Reactions: Like 1 | Agree 1


----------



## Tony (Jul 3, 2020)

woodtickgreg said:


> Looks great! Over 90 here and I dont want to be anywhere near a grill, lol. But that sure looks good.



Hope you had a flannel shirt to wear! Got 8n the truck earlier, it said 118!!

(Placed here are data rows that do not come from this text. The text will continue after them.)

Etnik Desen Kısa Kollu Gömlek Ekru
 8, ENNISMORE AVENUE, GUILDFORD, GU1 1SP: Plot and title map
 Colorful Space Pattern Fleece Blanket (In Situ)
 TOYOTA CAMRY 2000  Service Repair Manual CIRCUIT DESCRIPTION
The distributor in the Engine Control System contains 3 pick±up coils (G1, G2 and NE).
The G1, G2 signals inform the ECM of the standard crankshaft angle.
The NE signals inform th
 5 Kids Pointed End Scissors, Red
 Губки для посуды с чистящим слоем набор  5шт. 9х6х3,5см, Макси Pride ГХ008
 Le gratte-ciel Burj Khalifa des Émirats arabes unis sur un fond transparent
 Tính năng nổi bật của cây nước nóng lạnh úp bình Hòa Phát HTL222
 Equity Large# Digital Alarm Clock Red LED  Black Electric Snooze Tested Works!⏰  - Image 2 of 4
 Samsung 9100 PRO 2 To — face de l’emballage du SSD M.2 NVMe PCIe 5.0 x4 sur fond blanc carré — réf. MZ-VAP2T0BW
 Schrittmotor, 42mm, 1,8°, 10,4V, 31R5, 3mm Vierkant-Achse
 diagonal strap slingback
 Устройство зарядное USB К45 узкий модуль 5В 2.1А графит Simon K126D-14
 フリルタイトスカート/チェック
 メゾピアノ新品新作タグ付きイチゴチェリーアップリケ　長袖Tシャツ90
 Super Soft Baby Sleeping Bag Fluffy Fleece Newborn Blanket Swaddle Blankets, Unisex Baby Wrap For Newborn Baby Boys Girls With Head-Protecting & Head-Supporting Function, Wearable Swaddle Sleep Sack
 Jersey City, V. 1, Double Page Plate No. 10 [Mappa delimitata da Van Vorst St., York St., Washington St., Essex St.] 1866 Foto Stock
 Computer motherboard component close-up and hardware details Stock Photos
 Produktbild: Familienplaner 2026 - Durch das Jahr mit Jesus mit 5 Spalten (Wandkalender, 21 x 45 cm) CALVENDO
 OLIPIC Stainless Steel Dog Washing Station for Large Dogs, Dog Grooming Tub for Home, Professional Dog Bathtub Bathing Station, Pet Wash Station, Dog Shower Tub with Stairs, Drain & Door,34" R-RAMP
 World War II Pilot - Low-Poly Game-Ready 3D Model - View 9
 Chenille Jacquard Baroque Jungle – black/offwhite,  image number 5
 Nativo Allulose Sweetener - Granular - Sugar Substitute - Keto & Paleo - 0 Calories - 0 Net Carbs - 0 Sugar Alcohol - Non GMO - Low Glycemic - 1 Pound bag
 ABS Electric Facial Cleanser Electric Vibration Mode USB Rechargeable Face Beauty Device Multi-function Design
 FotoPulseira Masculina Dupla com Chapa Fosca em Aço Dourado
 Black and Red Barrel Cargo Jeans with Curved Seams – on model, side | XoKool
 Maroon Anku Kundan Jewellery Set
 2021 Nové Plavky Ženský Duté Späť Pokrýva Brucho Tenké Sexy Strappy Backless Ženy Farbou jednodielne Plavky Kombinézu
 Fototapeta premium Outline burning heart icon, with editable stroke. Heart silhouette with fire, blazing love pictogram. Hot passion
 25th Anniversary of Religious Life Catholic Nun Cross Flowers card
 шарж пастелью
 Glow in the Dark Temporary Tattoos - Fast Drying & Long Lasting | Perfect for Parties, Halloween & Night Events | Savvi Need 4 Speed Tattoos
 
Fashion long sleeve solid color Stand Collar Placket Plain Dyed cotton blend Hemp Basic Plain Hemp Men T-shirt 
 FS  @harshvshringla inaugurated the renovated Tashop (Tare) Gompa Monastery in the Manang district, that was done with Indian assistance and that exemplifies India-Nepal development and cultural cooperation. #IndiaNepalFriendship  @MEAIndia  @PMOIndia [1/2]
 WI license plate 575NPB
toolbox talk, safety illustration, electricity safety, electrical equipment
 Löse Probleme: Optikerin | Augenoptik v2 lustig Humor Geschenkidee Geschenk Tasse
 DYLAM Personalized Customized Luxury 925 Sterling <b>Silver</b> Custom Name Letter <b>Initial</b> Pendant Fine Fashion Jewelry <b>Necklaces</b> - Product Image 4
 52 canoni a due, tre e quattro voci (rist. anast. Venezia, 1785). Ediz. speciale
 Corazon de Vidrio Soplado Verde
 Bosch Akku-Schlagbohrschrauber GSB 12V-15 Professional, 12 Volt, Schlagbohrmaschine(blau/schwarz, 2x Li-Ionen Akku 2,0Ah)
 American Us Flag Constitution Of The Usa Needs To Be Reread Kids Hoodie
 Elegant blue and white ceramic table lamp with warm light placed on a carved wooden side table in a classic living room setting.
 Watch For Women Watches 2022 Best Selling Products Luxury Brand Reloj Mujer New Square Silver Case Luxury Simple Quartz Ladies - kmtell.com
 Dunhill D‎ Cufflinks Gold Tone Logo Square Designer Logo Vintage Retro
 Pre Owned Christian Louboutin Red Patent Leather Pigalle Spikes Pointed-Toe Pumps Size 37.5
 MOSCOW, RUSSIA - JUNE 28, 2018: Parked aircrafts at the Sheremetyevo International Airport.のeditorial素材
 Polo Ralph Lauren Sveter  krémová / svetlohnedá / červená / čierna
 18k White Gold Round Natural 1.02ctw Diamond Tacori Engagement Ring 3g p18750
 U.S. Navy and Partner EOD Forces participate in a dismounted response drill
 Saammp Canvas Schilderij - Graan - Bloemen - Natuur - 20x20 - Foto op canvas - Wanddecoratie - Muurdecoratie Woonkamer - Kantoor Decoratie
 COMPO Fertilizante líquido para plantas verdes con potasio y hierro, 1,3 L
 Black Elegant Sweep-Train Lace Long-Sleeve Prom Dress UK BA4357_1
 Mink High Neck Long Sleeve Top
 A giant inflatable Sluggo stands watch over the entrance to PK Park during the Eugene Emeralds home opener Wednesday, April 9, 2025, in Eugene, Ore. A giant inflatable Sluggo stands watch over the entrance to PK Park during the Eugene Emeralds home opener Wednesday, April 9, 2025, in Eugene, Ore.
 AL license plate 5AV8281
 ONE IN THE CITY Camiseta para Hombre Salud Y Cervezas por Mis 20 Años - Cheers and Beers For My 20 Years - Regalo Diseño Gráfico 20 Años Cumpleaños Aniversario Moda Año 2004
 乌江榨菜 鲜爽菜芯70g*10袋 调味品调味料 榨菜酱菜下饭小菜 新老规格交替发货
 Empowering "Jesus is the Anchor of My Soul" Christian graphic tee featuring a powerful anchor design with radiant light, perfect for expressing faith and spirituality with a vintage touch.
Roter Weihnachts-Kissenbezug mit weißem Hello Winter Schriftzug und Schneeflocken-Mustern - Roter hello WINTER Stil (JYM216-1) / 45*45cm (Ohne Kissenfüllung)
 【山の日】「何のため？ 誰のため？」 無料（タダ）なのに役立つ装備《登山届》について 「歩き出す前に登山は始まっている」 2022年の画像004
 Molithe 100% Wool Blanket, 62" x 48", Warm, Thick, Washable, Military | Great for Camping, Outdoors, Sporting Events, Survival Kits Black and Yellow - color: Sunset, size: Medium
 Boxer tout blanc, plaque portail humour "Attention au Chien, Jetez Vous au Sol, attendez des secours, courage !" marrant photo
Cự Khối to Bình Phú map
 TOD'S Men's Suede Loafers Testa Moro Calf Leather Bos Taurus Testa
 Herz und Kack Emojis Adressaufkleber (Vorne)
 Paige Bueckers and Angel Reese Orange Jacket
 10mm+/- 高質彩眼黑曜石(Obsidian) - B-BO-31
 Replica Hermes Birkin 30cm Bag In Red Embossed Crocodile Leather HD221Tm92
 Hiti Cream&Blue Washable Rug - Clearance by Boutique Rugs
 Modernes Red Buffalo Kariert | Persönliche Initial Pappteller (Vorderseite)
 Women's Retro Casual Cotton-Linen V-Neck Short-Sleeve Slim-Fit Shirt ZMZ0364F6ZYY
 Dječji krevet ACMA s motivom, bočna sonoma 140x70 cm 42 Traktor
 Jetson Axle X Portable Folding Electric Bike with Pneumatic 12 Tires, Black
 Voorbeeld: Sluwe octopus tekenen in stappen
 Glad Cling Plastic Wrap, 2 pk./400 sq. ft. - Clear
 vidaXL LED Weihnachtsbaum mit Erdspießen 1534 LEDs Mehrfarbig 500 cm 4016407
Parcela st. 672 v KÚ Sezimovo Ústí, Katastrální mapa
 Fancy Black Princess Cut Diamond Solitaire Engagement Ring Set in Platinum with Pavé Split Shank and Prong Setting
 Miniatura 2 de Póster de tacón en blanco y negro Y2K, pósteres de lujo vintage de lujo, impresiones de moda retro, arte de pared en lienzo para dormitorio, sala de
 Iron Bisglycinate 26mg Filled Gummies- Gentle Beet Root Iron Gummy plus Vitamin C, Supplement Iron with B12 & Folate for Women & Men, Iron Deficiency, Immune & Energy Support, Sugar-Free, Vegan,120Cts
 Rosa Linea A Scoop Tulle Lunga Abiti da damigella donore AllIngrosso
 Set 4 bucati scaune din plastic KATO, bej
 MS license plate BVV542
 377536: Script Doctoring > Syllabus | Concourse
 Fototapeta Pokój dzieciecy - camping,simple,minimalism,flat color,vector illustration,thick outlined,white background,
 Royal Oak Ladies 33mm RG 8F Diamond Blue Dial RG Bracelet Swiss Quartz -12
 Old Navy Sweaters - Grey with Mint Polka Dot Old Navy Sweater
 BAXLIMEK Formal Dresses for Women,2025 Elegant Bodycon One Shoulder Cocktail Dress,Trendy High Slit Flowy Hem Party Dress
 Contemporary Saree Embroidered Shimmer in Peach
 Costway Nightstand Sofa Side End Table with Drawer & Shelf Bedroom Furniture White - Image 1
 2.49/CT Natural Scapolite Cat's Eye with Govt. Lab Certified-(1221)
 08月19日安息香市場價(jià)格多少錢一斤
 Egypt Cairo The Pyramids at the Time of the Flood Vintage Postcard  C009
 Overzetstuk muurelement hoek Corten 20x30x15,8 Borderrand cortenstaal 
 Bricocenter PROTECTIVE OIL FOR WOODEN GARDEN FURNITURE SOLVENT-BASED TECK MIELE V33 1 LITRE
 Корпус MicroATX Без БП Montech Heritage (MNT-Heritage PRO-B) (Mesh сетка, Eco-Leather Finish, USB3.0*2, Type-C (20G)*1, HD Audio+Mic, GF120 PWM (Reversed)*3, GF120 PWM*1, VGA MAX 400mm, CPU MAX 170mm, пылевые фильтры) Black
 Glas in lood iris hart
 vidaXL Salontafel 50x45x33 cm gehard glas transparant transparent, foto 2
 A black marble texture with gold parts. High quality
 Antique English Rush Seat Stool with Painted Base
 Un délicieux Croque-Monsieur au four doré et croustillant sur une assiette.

Reactions: Agree 1 | Funny 1 | Sincere 2


----------



## Wildthings (Jul 3, 2020)



Reactions: Like 1


----------



## DKMD (Jul 4, 2020)

Dang it! We’d be in Massachusetts right now eating lobstah if it wasn’t for the ‘rona

Reactions: Like 2 | Funny 1 | Sincere 1


----------



## barry richardson (Jul 4, 2020)

ripjack13 said:


> Fired up the grill today for yum yum surf n turf.
> Here's the spread....
> 
> View attachment 190018
> ...


Looks tasty Marc! Now I know where your stimulus check went

Reactions: Funny 3


----------



## Diver Temple (Jul 4, 2020)

Well, thanks for making me hungry for bbq at 9AM...now I don't know if I want to work a project or smoke a brisket! :sun:

Reactions: Funny 1 | +Karma 1


----------



## Nature Man (Jul 4, 2020)

Scrumptious! Can't beat good BBQ! Chuck


----------



## T. Ben (Jul 4, 2020)

Diver Temple said:


> Well, thanks for making me hungry for bbq at 9AM...now I don't know if I want to work a project or smoke a brisket! :sun:


Smoke the brisket,ill be smoking 5lbs of chicken breast tomorrow.

Reactions: Way Cool 1


----------



## trc65 (Jul 4, 2020)

Got a rack of ribs on the smoker right now. Going to pair that with some fresh potatoes dug from the garden and some baked beans. May have some wild black raspberry cobbler for desert if I can make myself go pick them in this heat....

Reactions: Like 2


----------



## Eric Rorabaugh (Jul 4, 2020)

Man that looks GOOD! I just got home and off the boat and I'm hungry. Still have it hooked to the Tahoe in case we get a rescue call. Let's hope not. Have the sweet taters in and the steaks ready for the grill.

Reactions: Like 1


----------



## Sprung (Jul 4, 2020)

Would love to do the same and fire up the grill - just too hot to stand in front of a hot grill with the current weather. After having only a little Weber Smokey Joe charcoal grill for a while (just not big enough to do much with), we bought a new grill back in March. Nothing fancy - just an inexpensive two burner grill - but we've grilled a lot on it since buying it. Back in the middle of March, as everything was shutting down, I commented to my wife that it would be nice to have a grill - speculating that we'd be stuck staying at home for a while. She agreed and it's been well used these last months.

Reactions: Like 2


----------



## ripjack13 (Jul 4, 2020)

barry richardson said:


> Looks tasty Marc! Now I know where your stimulus check went



That went all towards the rent. 
Wifes went to the bills....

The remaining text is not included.